● **RECORDS PROVIDED**
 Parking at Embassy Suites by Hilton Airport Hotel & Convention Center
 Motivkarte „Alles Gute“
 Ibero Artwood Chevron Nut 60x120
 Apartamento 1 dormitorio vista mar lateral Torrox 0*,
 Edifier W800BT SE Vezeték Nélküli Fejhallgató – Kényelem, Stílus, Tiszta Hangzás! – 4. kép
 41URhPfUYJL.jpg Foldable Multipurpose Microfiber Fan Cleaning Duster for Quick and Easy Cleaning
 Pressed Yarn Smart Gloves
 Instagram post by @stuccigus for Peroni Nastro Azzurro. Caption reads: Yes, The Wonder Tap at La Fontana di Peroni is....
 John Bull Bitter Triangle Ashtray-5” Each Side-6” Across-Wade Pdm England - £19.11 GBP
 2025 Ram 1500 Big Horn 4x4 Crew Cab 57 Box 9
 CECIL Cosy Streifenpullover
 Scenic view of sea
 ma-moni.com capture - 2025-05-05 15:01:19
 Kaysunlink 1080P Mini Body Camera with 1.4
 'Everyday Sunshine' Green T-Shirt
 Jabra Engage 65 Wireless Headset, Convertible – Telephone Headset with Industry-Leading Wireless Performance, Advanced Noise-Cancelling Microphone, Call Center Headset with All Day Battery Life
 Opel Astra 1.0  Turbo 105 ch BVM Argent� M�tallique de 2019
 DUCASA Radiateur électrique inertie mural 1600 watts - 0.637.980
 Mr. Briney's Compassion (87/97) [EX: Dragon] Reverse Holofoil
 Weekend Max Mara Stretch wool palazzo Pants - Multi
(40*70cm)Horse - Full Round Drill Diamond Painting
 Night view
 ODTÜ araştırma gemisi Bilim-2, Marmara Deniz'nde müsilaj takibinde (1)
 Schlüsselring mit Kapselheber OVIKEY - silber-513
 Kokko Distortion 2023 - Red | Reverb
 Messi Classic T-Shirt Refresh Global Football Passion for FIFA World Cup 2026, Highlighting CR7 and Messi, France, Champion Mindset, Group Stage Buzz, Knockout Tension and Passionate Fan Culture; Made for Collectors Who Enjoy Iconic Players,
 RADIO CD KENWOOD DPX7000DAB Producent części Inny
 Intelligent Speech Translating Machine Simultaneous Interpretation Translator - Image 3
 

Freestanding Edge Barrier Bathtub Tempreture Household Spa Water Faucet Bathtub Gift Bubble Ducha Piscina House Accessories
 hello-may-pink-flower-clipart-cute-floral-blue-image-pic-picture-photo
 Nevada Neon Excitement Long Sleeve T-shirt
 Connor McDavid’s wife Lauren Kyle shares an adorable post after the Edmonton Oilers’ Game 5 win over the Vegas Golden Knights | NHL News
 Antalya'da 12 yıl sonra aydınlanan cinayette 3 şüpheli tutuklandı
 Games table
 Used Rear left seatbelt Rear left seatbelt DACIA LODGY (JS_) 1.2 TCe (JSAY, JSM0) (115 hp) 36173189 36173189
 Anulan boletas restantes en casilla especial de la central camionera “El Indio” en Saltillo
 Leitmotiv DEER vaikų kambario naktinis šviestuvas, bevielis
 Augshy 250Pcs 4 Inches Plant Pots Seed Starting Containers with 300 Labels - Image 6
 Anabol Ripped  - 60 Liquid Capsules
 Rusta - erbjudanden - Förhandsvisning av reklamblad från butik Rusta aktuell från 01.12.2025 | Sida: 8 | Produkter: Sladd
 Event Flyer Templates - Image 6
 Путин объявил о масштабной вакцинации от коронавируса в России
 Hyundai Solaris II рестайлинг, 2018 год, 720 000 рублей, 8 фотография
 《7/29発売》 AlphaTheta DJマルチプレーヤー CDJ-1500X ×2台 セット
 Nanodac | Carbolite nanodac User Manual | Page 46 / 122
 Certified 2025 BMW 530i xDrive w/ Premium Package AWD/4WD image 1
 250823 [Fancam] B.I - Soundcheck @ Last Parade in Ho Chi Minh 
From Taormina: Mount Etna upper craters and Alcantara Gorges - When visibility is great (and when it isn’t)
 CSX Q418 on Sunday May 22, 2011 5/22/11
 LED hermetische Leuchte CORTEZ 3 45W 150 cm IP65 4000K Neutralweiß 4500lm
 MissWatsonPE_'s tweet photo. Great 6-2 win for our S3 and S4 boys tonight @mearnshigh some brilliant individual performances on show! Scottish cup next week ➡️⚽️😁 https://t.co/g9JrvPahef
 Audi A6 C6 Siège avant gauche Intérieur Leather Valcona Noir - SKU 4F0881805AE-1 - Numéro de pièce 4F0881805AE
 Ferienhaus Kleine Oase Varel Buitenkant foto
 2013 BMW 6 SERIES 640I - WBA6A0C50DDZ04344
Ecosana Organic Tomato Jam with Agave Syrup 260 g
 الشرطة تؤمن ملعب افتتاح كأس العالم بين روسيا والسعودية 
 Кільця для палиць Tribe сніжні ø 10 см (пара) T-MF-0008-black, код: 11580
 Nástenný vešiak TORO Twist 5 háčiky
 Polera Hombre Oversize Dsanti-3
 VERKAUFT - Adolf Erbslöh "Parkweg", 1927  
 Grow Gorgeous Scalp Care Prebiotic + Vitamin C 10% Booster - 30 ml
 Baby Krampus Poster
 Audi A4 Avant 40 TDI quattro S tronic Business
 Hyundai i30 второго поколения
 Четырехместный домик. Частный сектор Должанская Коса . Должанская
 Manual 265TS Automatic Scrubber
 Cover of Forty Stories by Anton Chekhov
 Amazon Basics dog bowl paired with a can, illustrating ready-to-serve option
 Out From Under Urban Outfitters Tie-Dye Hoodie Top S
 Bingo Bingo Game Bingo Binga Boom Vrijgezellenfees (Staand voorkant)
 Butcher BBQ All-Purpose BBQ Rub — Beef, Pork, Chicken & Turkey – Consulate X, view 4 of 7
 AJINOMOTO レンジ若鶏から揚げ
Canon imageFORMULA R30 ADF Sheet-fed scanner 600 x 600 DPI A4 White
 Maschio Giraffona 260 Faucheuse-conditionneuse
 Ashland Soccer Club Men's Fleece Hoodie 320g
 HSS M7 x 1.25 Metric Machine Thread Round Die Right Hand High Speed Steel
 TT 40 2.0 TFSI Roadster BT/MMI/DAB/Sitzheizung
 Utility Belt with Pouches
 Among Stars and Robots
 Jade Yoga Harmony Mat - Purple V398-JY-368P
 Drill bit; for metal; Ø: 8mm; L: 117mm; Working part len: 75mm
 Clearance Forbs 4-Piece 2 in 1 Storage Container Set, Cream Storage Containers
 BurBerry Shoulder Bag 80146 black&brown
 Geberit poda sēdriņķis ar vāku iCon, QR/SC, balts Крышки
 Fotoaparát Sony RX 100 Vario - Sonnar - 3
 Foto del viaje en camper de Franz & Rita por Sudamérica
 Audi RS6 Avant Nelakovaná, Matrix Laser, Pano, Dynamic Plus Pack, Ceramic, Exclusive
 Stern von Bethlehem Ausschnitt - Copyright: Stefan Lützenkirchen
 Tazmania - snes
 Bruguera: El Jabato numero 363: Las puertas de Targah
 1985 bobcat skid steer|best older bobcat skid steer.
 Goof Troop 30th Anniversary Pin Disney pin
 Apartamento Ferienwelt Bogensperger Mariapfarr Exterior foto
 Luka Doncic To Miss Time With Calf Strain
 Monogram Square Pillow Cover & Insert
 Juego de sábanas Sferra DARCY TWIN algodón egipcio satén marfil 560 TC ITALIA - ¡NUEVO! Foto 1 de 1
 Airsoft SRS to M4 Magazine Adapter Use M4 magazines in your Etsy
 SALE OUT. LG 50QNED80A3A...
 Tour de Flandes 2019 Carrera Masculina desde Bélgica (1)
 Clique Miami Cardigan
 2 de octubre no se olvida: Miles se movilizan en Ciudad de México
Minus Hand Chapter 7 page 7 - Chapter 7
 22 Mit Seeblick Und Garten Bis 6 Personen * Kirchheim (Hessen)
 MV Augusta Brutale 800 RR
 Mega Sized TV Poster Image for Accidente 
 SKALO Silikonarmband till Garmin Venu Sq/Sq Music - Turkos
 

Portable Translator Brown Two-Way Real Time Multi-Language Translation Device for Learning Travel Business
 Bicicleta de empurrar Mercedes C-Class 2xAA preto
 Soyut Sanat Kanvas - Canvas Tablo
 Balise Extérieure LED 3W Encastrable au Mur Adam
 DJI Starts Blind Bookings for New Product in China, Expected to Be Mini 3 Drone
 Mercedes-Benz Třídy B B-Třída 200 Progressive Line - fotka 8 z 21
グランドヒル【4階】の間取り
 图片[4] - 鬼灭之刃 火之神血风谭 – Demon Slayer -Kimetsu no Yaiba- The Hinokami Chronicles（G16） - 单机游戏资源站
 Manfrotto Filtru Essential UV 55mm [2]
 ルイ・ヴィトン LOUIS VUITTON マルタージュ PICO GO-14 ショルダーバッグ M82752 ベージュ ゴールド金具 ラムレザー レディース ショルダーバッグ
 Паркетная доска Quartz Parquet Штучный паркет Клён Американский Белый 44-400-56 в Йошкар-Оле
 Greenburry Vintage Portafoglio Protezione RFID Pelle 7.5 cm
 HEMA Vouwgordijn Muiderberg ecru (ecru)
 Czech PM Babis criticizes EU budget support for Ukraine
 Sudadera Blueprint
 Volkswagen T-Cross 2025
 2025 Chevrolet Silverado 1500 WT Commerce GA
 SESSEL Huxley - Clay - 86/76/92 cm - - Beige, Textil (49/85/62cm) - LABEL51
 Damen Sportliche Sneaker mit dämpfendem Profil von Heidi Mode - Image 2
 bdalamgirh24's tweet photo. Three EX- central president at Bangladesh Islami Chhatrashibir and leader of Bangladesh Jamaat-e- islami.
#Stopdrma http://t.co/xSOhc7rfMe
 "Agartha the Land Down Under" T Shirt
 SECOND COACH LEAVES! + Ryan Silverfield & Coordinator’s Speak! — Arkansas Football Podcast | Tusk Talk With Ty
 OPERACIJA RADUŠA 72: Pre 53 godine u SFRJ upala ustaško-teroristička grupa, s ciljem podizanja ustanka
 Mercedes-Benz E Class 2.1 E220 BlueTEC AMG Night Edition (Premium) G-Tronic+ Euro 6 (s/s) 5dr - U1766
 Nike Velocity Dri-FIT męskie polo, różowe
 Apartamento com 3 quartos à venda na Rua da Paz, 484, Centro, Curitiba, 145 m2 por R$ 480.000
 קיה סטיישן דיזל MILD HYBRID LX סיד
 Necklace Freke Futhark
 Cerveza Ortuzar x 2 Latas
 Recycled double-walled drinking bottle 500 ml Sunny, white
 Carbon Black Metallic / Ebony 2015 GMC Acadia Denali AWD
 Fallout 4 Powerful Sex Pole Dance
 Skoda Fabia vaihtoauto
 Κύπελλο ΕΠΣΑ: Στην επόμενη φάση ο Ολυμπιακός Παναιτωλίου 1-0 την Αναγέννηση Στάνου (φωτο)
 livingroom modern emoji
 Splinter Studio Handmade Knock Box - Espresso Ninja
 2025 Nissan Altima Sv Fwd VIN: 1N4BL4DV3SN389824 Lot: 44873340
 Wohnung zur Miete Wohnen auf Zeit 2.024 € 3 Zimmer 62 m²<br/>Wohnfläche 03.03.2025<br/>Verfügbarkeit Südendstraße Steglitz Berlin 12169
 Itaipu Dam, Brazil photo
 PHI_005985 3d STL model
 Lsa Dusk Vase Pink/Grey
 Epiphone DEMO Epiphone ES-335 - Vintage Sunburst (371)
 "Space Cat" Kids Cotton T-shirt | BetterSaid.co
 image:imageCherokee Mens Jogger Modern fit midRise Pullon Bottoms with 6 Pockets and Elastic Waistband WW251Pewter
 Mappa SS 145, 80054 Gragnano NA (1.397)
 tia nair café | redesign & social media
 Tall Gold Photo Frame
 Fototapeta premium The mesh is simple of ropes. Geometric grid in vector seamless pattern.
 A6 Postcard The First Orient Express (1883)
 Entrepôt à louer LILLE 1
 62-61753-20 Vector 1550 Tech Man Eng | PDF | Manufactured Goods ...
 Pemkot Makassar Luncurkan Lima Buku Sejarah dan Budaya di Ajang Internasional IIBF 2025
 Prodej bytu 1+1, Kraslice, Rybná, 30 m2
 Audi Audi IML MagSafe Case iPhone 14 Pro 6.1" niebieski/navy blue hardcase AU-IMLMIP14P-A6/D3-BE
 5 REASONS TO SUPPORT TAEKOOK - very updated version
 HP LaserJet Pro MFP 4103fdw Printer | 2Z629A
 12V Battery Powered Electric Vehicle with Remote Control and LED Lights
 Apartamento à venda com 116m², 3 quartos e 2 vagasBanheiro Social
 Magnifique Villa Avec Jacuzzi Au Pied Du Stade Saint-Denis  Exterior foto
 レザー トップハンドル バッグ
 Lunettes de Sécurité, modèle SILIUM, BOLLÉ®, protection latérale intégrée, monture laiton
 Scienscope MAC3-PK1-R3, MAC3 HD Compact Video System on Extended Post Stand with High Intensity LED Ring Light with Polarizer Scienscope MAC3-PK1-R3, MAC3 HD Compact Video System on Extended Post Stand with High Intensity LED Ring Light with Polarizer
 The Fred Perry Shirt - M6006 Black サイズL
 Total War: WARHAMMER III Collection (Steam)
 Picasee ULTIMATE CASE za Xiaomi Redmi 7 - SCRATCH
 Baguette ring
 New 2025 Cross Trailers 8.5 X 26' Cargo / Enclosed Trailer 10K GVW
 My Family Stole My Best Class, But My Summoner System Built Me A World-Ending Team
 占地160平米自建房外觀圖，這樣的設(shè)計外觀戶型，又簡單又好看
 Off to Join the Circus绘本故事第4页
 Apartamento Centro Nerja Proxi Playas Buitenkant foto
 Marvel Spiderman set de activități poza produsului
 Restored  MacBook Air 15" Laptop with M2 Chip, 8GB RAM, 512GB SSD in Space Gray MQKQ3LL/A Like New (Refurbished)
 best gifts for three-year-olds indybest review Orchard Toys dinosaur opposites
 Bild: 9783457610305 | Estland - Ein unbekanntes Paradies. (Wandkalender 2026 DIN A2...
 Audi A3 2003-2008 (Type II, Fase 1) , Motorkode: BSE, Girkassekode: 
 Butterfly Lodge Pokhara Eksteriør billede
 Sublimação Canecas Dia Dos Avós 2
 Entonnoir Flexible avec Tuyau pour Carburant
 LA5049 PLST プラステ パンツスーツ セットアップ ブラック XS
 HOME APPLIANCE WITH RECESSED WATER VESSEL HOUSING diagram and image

● **WHAT YOU ARE ASKED TO DO**
From the listing above, output exactly the run of lines that starts with the line containing "Total War: WARHAMMER III Collection (Steam)" and ends with the line containing "Apartamento Centro Nerja".

● **WORKED SOLUTION**
 Total War: WARHAMMER III Collection (Steam)
 Picasee ULTIMATE CASE za Xiaomi Redmi 7 - SCRATCH
 Baguette ring
 New 2025 Cross Trailers 8.5 X 26' Cargo / Enclosed Trailer 10K GVW
 My Family Stole My Best Class, But My Summoner System Built Me A World-Ending Team
 占地160平米自建房外觀圖，這樣的設(shè)計外觀戶型，又簡單又好看
 Off to Join the Circus绘本故事第4页
 Apartamento Centro Nerja Proxi Playas Buitenkant foto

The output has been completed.